# Project Title
### Data Engineering Capstone Project
I94_Immigration_Data
#### Project Summary
I94 immigration data comes from the National Travel and Tourism Office. The report contains international visitor arrival statistics by world regions and select countries (including top 20), type of visa, mode of transportation, age groups, states visited (first intended address only), and the top ports of entry (for select countries).

My end solution will give an insight on how many international visitors arrive to US cities monthly each year.

As a data engineer, I have been assigned to Build an ETL pipeline for a datalake hosted on github. To complete the project, will need to load data from github, process the data into analytics tables using Spark and writes them in parquet files in a separate analytics directory.The final transformed data in facts and dimensions will be pushed in to parquet files, where all analytical team will be interacting and trying to find out some insights that may effectively place resources in the US cities where there is high international visitors Arrivals.  

The project follows the follow steps:

* Step 1: Scope the Project and Gather Data
#### Step 1:

#### Project Description

In this project, I have applied what i have learned on Spark and data lakes to build an ETL pipeline for a data lake hosted on github.
Also I have used my best ability to load the data into parquet files in a separate analytics directory where the actual facts and dimensions data will be resided as my final target for the analytics team to use that for their effective analysis.


To complete the project, i have loaded data from github, process the data into analytics tables using Spark, and and writes them in parquet files in a separate analytics directory. Final target destination is Immigration Warehouse Directory. 

#### Project Datasets

The SAS file is located in the local workspace and I used that as source.

* '../../data/18-83510-I94-Data-2016/i94_apr16_sub.sas7bdat'

* Step 2: Explore and Assess the Data
#### Immigration Datasets

immigration data is in a folder with the following path: ../../data/18-83510-I94-Data-2016/. There's a file for each month of the year.Each file has a three-letter abbreviation for the month name.

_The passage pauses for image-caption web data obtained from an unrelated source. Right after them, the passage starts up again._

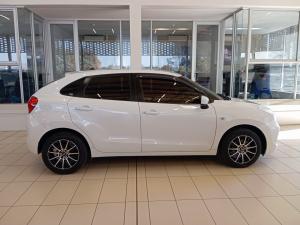 Toyota Starlet 1.4 Xi - Image 3
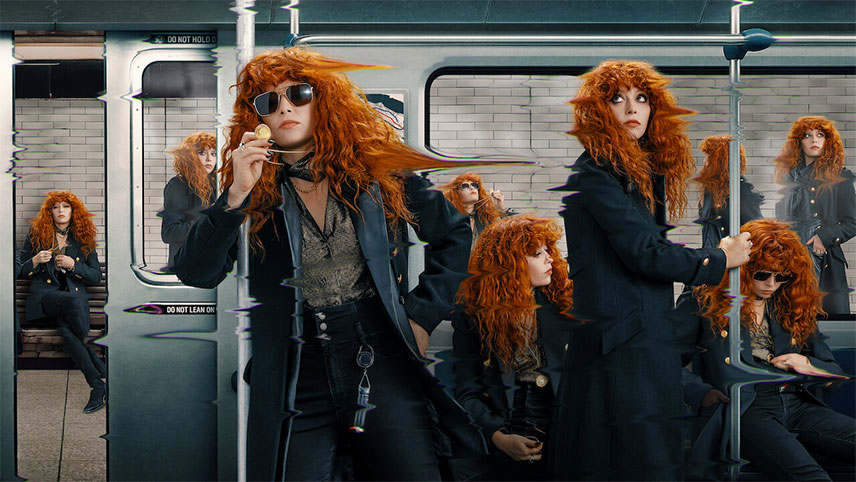 سریال Russian Doll / داستان فصل دوم سریال عروسک روسی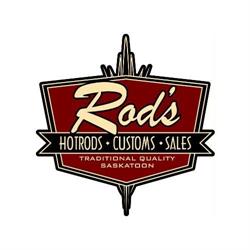 Rod's Hotrods Customs & Sales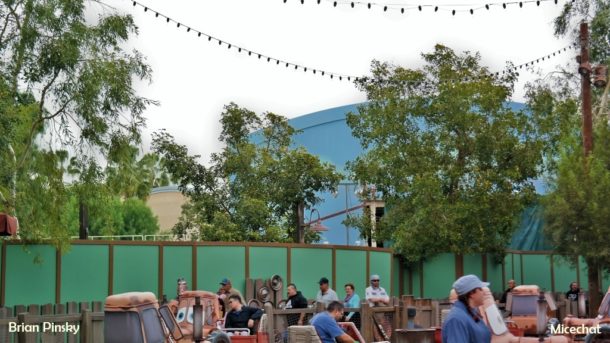 , Disneyland Resort Update: Treasures of the Tropical Hideaway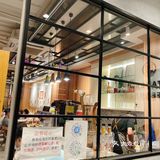 排了一个多钟… 是家新店，第一次探店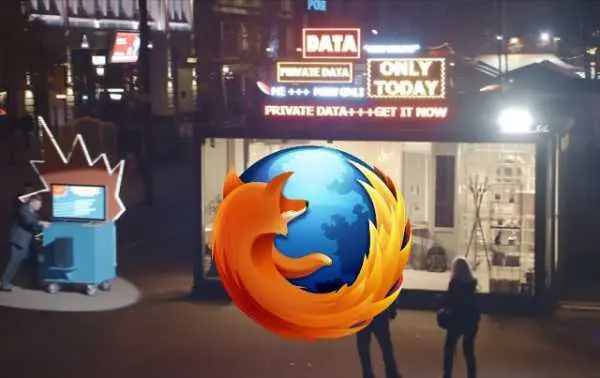 Mozilla Glass House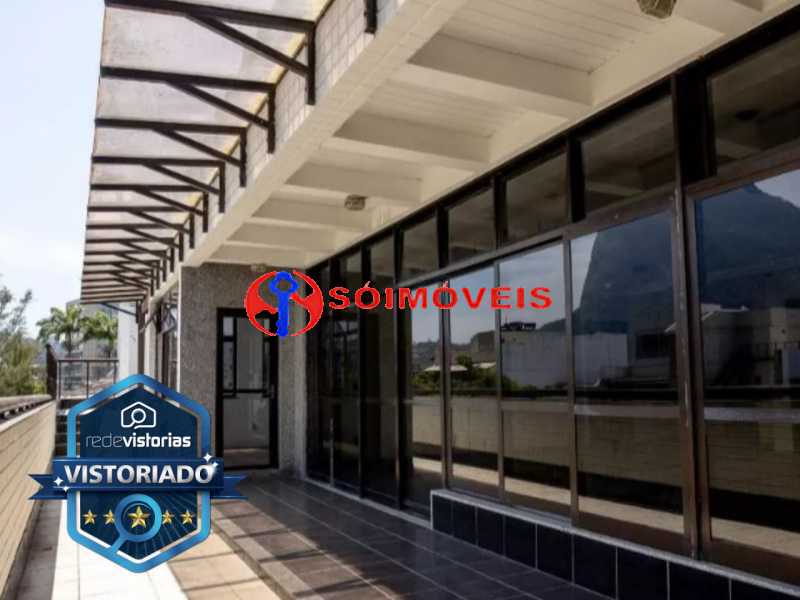 Conheça PP 17 do imóvel - NA BARRA DA TIJUCA MARAVILHOSA COBERTURA LINEAR COM VARANDÃO COM PISCINA, AMPLA SALA, 4 QUARTOS (UM COM SUÍTE) QUARTO E BANHEIRO DE EMPREGADA, ÁREA DE SERVIÇO INFRA ESTRUTURA DE LAZER .. - LBCO40319 - 18 PP 17 - NA BARRA DA TIJUCA MARAVILHOSA COBERTURA LINEAR COM VARANDÃO COM PISCINA, AMPLA SALA, 4 QUARTOS (UM COM SUÍTE) QUARTO E BANHEIRO DE EMPREGADA, ÁREA DE SERVIÇO INFRA ESTRUTURA DE LAZER .. - LBCO40319 - 18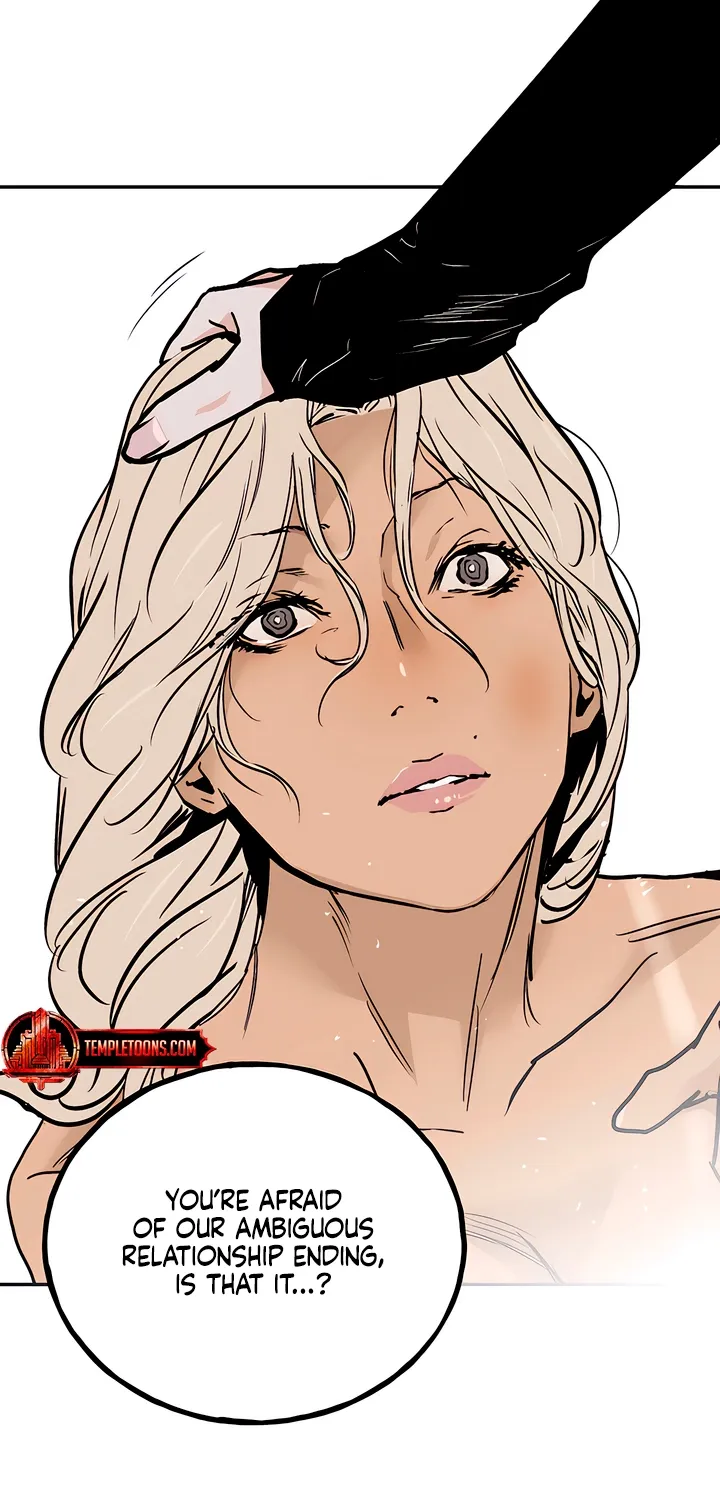 Read MURMUR chapter 17 image 68 on Lezhin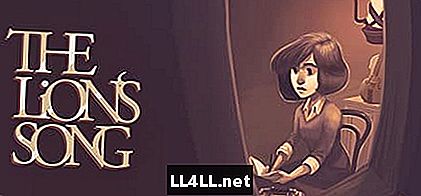 Story Driven Indie Game The Lion's Song & colon; Episode 1 lanserer gratis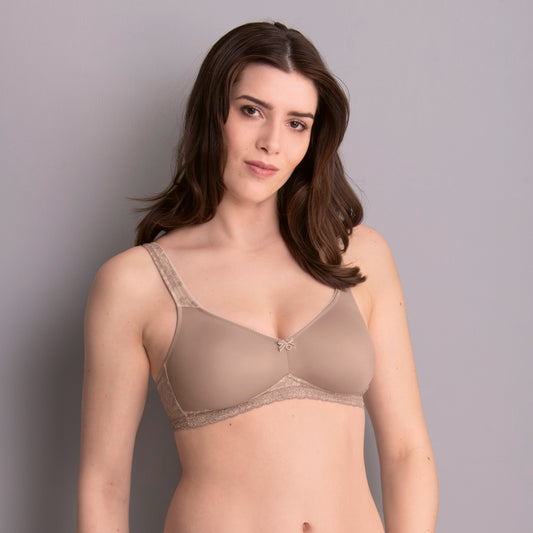 Abby Reggiseno Senza Ferretto Preformato 5218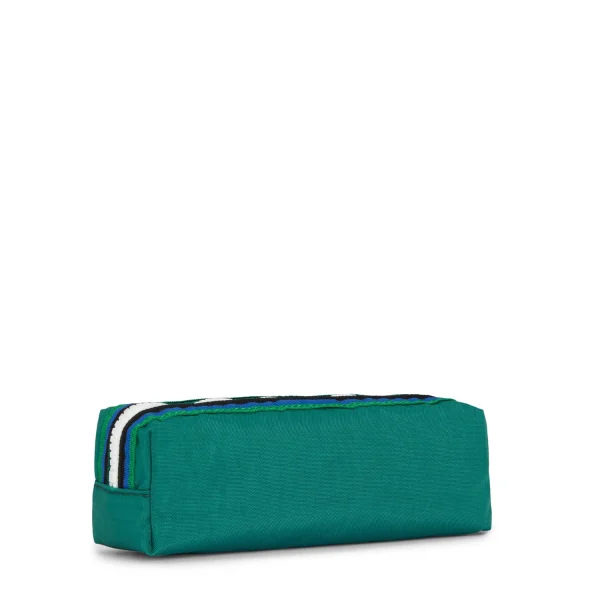 KIPLING - קלמר BORAN – KI4105X66 – cool-green-c – 1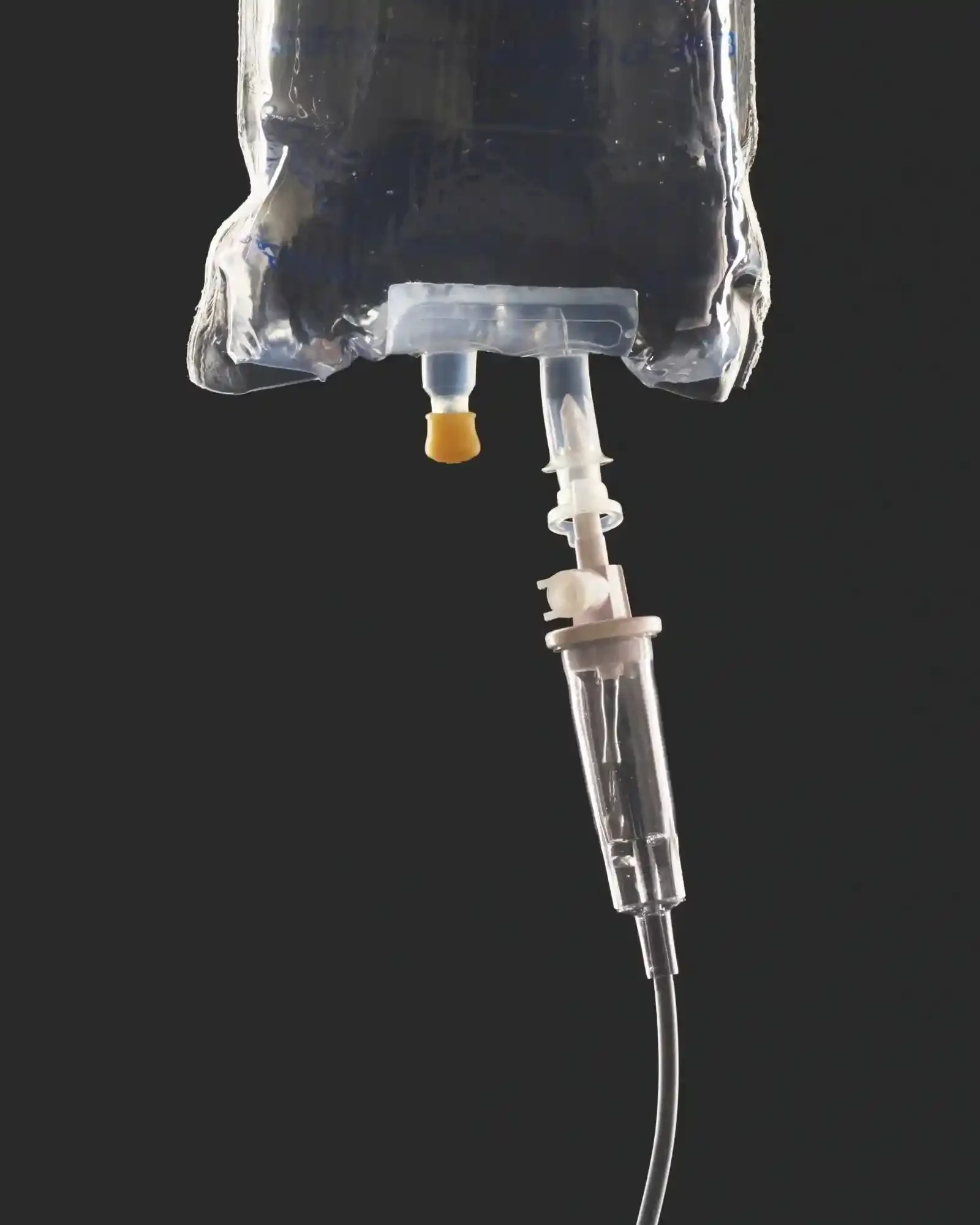 IV Drip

#### Schema for Immigration Data

* i94yr
* i94mon
* i94cit
* i94res
* i94port
* arrdate
* i94mode
* i94addr
* depdate
* i94bir
* i94visa
* dtadfile
* visapost
* biryear
* dtaddto
* gender
* insnum
* airline
* admnum
* fltno
* visatype

* Step 3: Define the Data Model

#### Dimensional Modelling:
A dimensional model is also commonly called a star schema.The core of the star schema model is built from fact tables and dimension tables. It consists, typically, of a large table of facts (known as a fact table), with a number of other tables surrounding it that contain descriptive data, called dimensions. 

#### Fact Table:
The fact table contains numerical values of what you measure. Each fact table contains the keys to associated dimension tables. Fact tables have a large number of rows.The information in a fact table has characteristics. It is numerical and used to generate aggregates and summaries. All facts refer directly to the dimension keys. Fact table that is determined after carefull analysis which contains the information.

#### Tables (Facts)
Table Name: i94_immigration_data(fact)

Column Names: 
* i94_admission_num
* i94_arrival_date
* visa_type
* i94_date_admitted_until 
* i94_port_description
* i94_addr_description 
* travel_city
* residence
* category 
* visitor_age 
* birth_year 
* visitor_gender
* insurance_number


#### Dimension Tables:
The dimension tables contain descriptive information about the numerical values in the fact table. 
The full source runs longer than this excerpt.